[Stored dataset items]
........
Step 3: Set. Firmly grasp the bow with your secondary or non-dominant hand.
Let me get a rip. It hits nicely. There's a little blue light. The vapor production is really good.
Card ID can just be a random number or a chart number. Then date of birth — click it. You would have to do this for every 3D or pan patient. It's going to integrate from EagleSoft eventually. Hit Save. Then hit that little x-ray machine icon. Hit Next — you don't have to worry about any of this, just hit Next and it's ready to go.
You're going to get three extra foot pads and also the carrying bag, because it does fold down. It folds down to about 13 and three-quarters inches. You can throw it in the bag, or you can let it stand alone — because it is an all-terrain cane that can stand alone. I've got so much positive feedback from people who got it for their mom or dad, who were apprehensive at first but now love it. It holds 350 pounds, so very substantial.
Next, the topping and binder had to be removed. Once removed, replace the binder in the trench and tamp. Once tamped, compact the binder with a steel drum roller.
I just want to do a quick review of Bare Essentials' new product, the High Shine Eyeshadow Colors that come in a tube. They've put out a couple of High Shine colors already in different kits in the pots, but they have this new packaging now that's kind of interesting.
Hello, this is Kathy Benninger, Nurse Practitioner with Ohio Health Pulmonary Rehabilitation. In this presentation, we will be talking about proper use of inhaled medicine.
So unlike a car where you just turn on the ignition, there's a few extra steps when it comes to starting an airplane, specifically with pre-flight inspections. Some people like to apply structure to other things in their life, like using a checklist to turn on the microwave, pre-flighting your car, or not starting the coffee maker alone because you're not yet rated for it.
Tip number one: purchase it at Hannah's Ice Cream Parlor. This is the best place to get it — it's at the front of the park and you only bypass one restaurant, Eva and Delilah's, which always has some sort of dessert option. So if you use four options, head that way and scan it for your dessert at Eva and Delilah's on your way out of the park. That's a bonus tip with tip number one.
........
Only a number is wanted. How many lines of the entries above carry "extra"?

### Result:
2